Le scelte strategiche concordate congiuntamente dalle potenze che compongono questa alleanza sono quindi destinate ad esercitare un peso assai consistente nella determinazione degli equilibri politici ed economici internazionali. E non è un caso, a questo riguardo, che il coefficiente strategico dei BRICS sia aumentato nel corso di questi ultimi anni.
Durante il vertice di Nuova Delhi del 29 marzo, i rappresentanti di Brasile, Russia, India, Cina e Sud Africa hanno sottolineato la necessità di costituire un sistema internazionale che garantisca una maggiore rappresentanza ai paesi emergenti e in via di sviluppo, specialmente in relazione alle scelte che concernono la governance globale, e hanno espresso forti preoccupazioni riguardo alle politiche economiche e finanziarie propugnate nei paesi sviluppati.
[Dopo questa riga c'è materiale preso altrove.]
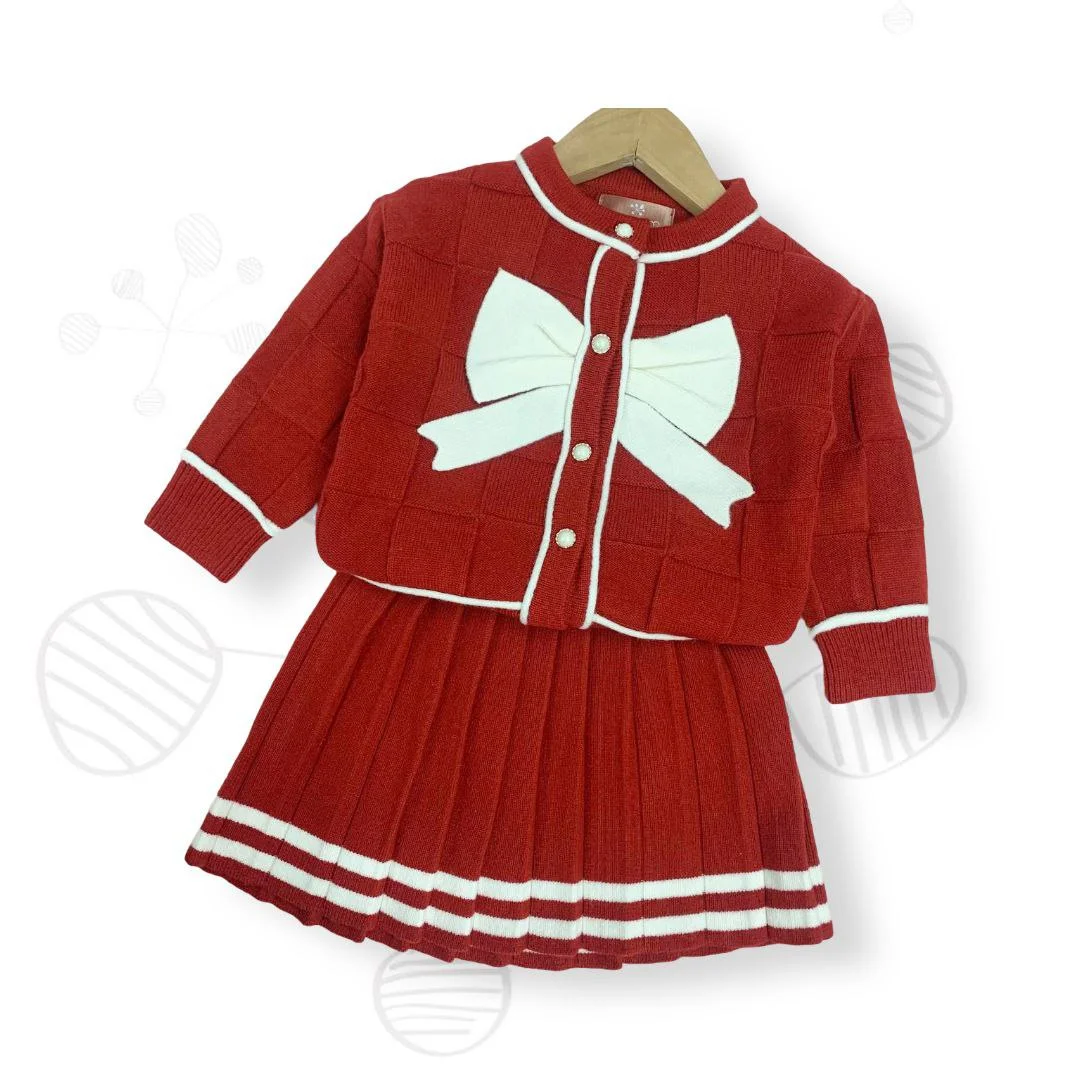 Conjunto Falda Plisada con Moño, Rojo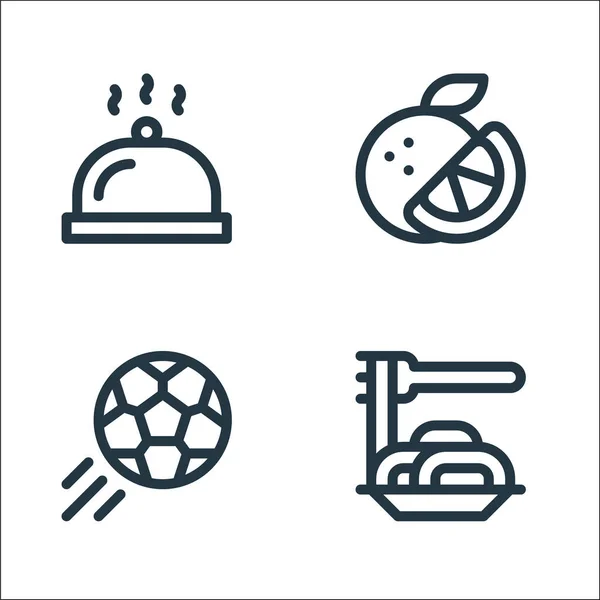 Italien Line Icons Lineares Set Qualitätsvektorliniensatz Wie Spaghetti Fußball Orange — Stockvektor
Hanno ribadito l’imperativo inderogabile di adottare politiche macroeconomiche responsabili che frenino la crescita ipertrofica dei mercati finanziari. Hanno puntato il dito contro il meccanismo di funzionamento del Fondo Monetario Internazionale e della Banca Mondiale, che sono organi su cui si base la supremazia geoeconomica statunitense. Hanno discusso i termini per la creazione di una banca di sviluppo che finanzi nuovi progetti infrastrutturali nei BRICS e in altri paesi in via di sviluppo.
Le iniziative discusse nel corso di questo quarto vertice dei BRICS sono finalizzate ad istituire un sistema finanziario globale che sfugga al controllo centralizzato di una manciata di paesi sviluppati e che tenga conto delle necessità di tutti, attraverso il progressivo abbandono del dollaro quale valuta di riferimento internazionale. La Cina, che detiene riserve pari a circa 1.400 miliardi di dollari, sta attrezzandosi in questo senso riducendo costantemente la propria esposizione, attraverso l’adozione di valute (yuan, yen, euro, ecc.) alternative a quella statunitense.
In ambito geopolitico, i BRICS si oppongono a qualsiasi operazione militare nei riguardi dell’Iran, mentre riguardo alla Siria mantengono un posizione più cauta, che non ignora gli interessi occidentali e arabi pur rifiutando tassativamente il cambiamento di regime auspicato da Washington in primis.
Le remore della Cina hanno inoltre frenato la spinta propulsiva che inizialmente mirava a fare dell’India un membro permanente del Consiglio di Sicurezza delle Nazioni Unite. Ciò rispecchia i dissidi esistenti in seno alla realtà dei BRICS, ma non intacca il potenziale di questa alleanza geostrategica, che è inesorabilmente destinata ad acquisire un peso decisivo nella ridefinizione dei rapporti di forza che sorreggeranno lo scenario multipolare che va delineandosi.